Identification of a novel lineage bat SARS-related coronaviruses that use bat ACE2 receptor

Abstract

Severe respiratory disease coronavirus-2 (SARS-CoV-2) has been the most devastating disease COVID-19 in the century. One of the unsolved scientific questions of SARS-CoV-2 is the animal origin of this virus. Bats and pangolins are recognized as the most probable reservoir hosts that harbour highly similar SARS-CoV-2 related viruses (SARSr-CoV-2). This study identified a novel lineage of SARSr-CoVs, including RaTG15 and seven other viruses, from bats at the same location where we found RaTG13 in 2015. Although RaTG15 and the related viruses share 97.2% amino acid sequence identities with SARS-CoV-2 in the conserved ORF1b region, it only shows less than 77.6% nucleotide identity to all known SARSr-CoVs at the genome level, thus forming a distinct lineage in the Sarbecovirus phylogenetic tree. We found that the RaTG15 receptor-binding domain (RBD) can bind to ACE2 from Rhinolophus affinis, Malayan pangolin, and use it as an entry receptor, except for ACE2 from humans. However, it contains a short deletion and has different key residues responsible for ACE2 binding. In addition, we showed that none of the known viruses in bat SARSr-CoV-2 lineage discovered uses human ACE2 as efficiently as the pangolin-derived SARSr-CoV-2 or some viruses in the SARSr-CoV-1 lineage. Therefore, further systematic and longitudinal studies in bats are needed to prevent future spillover events caused by SARSr-CoVs or to understand the origin of SARS-CoV-2 better.

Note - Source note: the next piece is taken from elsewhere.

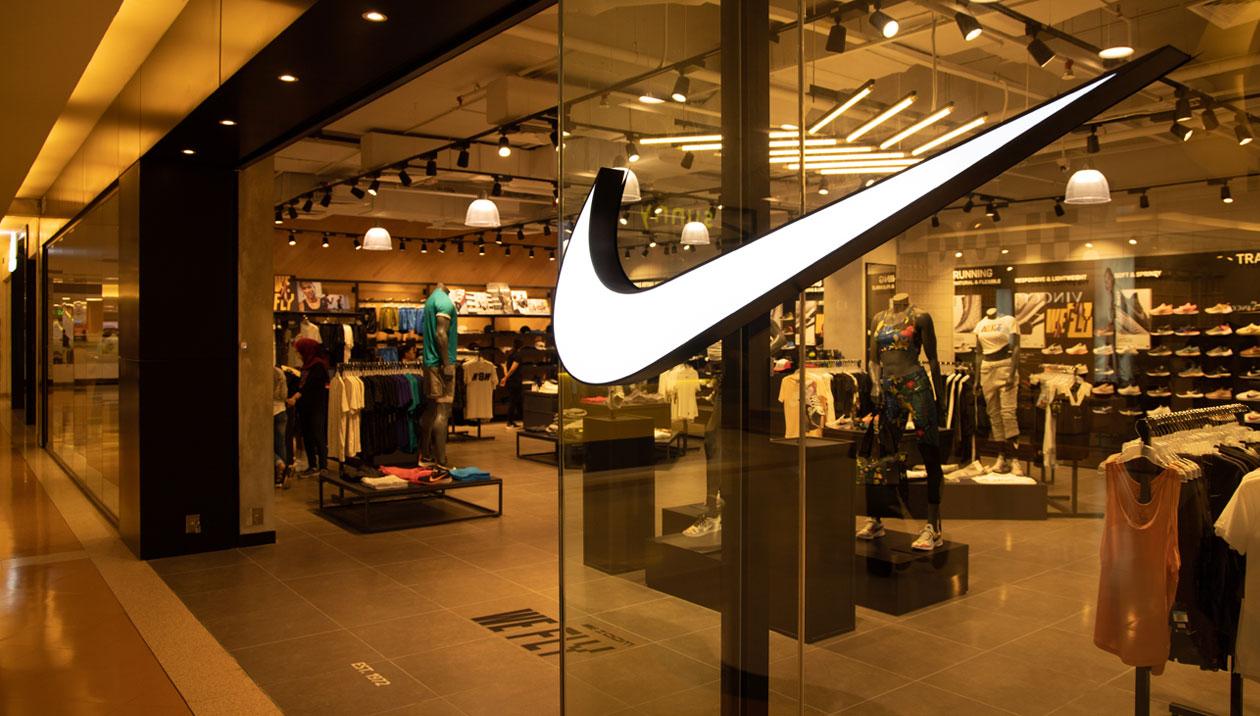 laringe accesorios masculino How Nike Shifted From A Sales To Marketing Mindset - Branding Strategy  Insider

Keywords: ACE2; SARS-related coronavirus; bat; novel lineage; reservoir host.

Figure 1.

Discovery of a novel lineage of bat SARSr-CoVs. (A) Similarity plot analysis based on the full-length genome sequence of bat SARSr-CoV RaTG15. Full-length genome sequences of SARS-CoV-1, SARS-CoV-2, bat SARSr-CoVs, and pangolin CoVs related to SARS-CoV-2 were used as reference sequences. The analysis was performed with the Kimura model, a window size of 1500 base pairs and a step size of 150 base pairs. (B) Phylogenetic tree based on complete genome sequences of betacoronaviruses. The trees were constructed by the Maximum-Likelihood method using the Jukes-Cantor model with bootstrap values determined by 1000 replicates. Bootstraps > 50% are shown. The scale bars represent 0.1 substitutions per nucleotide position. The novel SARSr-CoVs characterized in this study are shown in bold. Ra, Rhinolophus affinis; Rst, Rhinolophus stheno; Rsh, Rhinolophus shameli; Rs, Rhinolophus sinicus; Rac, Rhinolophus acuminatus; Rm, Rhinolophus malayanus; Rc, Rhinolophus cornutus; MHV, murine hepatitis virus.

Figure 2.

Comparison of the receptor-binding domain (RBDs) of SARSr-CoVs. The RBM is shown in pink and the five key residues that contact ACE2 directly are highlighted in green. A comparison of the five critical residues of these SARSr-CoVs is listed in the table. Two deletions in the RBM, aa 444–447 (deletion 1) and aa 473–486 (deletion 2) are indicated by red boxes. GenBank or GISAID entries for each virus can be found in Methods.

Figure 3.

Binding affinity of SARSr-CoV RBDs to ACE2 from human, R.affinis and pangolin. (A-F) Binding of different RBD proteins to human ACE2. (G-L) Binding of different RBD proteins to R.affinis ACE2. (M-R) Binding of different RBD proteins to Malayan pangolin ACE2. (S) Comparison of dissociation constants (KD) between different RBD to human, R.affinis, and Malayan pangolin ACE2. Relative binding is analyzed by comparing with SARS-CoV-2 RBD to human ACE2. (T) Summary of the binding efficiency of different RBD to human, bat or pangolin ACE2. Y, yes; ND, not determined. Evidences for WIV16-CoV, Rc-o0319, RmYN02, and RacCS213 were from previous reports [10,11,22]. The presence of deletion in RBM (related to Figure 2) is indicated. Binding assay of human, R.affinis or pangolin ACE2 to different RBD proteins was measured by Bio-layer interferometry. The parameters of KD value (M), Kon (1/M.s), Koff (1/s) are shown on the upper right side of the picture. Different RBD proteins were immobilized on the sensors and tested for affinity with graded concentrations of human, R. affinis, or pangolin ACE2s. The Y-axis shows the real-time binding response. Values reported representing the global fit to all data. The coefficient of determination (R^2) for these interactions was close to 1.0 (Figure S2B).